Many sex workers say that criminalizing online prostitution is illogical because it will only result in women working in more dangerous in-person settings. A number of human rights organizations also argue that prostitution should be legalized because it grants sex workers greater access to legal protection and healthcare while also helping law enforcement better differentiate between the consenting and the coerced.
Some European governments agree, including Belgium, which last December granted sex workers formal labor rights, entitling them to sick leave, maternity pay, and pensions. Some are unionizing, and many more are opting to ditch the brothel scene and work from home.
As for trafficking, OnlyFans argues that they have invested in AI tools and ID verification systems to ensure that only of-age, consenting adults are participating on the site. It is true that OnlyFans has invested more into such measures than most other social media platforms or porn sites. But despite these filters, there are still reports of abuse and trafficking occurring on the site, which OnlyFans says is the result of only a few bad apples.

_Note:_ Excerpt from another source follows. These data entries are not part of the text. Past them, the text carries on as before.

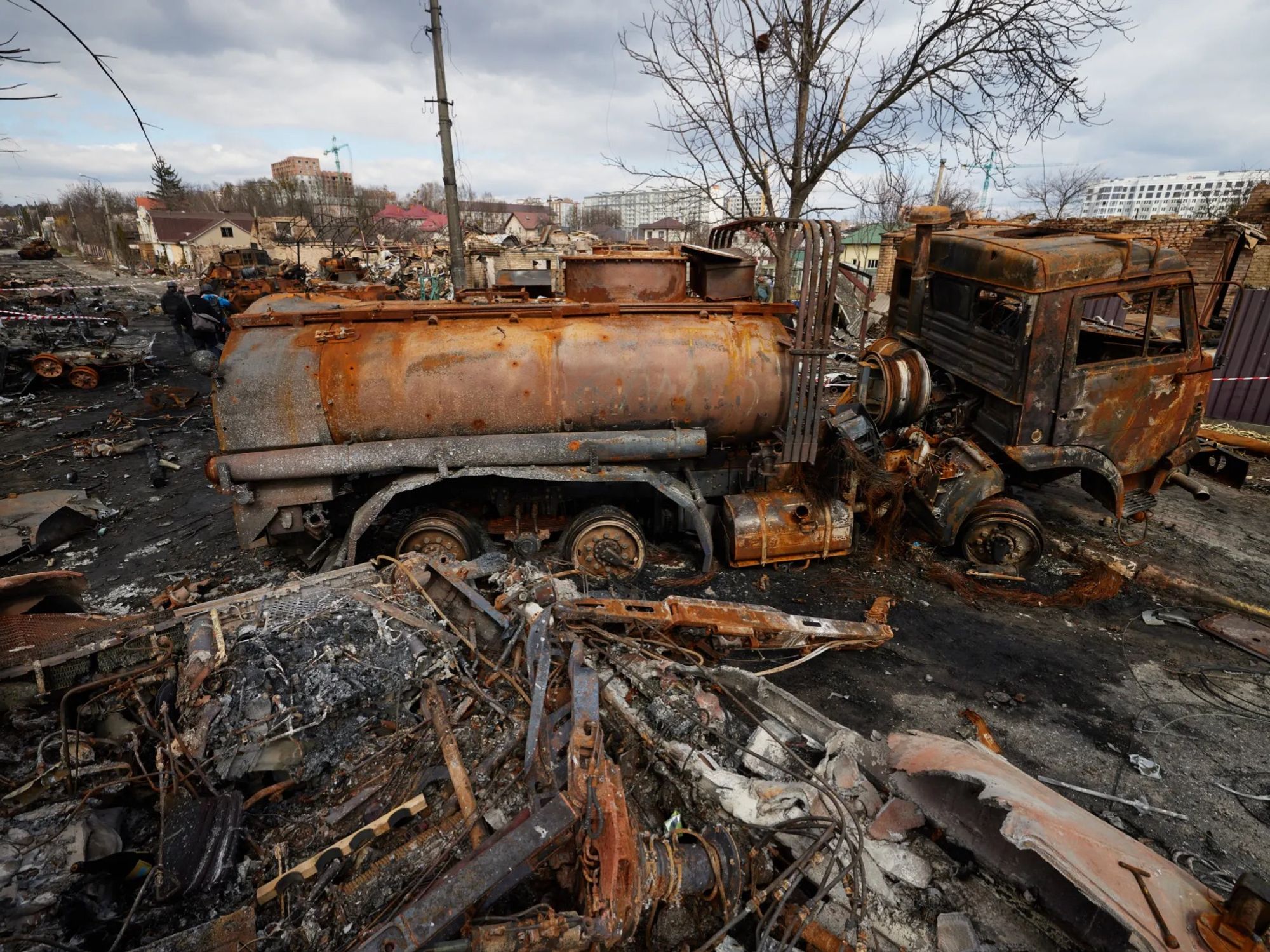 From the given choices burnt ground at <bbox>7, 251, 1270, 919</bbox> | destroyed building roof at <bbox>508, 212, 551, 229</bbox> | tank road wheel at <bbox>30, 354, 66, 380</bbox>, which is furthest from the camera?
destroyed building roof at <bbox>508, 212, 551, 229</bbox>

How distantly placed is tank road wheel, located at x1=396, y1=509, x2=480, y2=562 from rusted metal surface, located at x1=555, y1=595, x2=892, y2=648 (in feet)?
5.54

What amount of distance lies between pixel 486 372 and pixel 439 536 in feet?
4.97

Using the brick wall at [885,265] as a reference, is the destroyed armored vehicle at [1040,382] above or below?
below

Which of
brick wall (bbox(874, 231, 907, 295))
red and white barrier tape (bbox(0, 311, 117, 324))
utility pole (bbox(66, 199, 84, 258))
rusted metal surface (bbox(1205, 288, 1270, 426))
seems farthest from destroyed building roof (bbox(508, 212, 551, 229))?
rusted metal surface (bbox(1205, 288, 1270, 426))

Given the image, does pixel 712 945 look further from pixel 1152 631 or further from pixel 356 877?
pixel 1152 631

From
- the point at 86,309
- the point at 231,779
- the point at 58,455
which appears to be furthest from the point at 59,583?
the point at 86,309

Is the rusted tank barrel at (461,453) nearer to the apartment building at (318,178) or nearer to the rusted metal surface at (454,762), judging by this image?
the rusted metal surface at (454,762)

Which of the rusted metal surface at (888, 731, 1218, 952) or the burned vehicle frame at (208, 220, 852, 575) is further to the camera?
the burned vehicle frame at (208, 220, 852, 575)

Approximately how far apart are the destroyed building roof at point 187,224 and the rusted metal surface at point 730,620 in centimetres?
4975

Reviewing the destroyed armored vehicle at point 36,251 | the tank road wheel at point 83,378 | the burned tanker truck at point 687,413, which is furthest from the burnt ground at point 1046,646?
the destroyed armored vehicle at point 36,251

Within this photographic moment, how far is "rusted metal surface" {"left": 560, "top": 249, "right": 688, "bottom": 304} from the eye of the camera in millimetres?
5996

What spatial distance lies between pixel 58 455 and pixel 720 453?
948 cm

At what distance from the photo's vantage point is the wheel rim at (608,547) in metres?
5.39

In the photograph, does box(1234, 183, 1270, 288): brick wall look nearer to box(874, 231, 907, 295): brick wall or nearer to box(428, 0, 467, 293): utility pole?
box(874, 231, 907, 295): brick wall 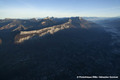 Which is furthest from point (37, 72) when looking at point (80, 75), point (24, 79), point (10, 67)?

Many industry advocates say that lawmakers seeking to regulate the online sex trade are simply anti-porn religious zealots. But few U.S. lawmakers are signing on with Utah Senator Mike Lee, who is currently on his third attempt since 2022 to ban pornography nationwide. Rather, most speak of the issue in terms of the need to curb trafficking – mirroring the narrative of many Swedish lawmakers.
Sanna Backeskog, a Swedish politician and proponent of the recent law, insists she has no interest in being the porn police. She said, “This is about digitalized prostitution, where the boundaries between pornography and human trafficking are blurred.”
As lawmakers in the U.S. and Europe seek to clarify those blurred boundaries, some say Sweden is on the right track, that regulations will curb demand, and trafficking will go down. Others say the law will only make things worse as more prostitutes revert to doing their work in the dark.
The appetite for online sexual interactions is growing, and OnlyFans is reportedly on sale for $8 billion. The platform’s current owners hope that nations (especially the U.S.) won’t mimic Sweden’s recent law. After all, how else would OnlyFans continue to flourish in such a hot market?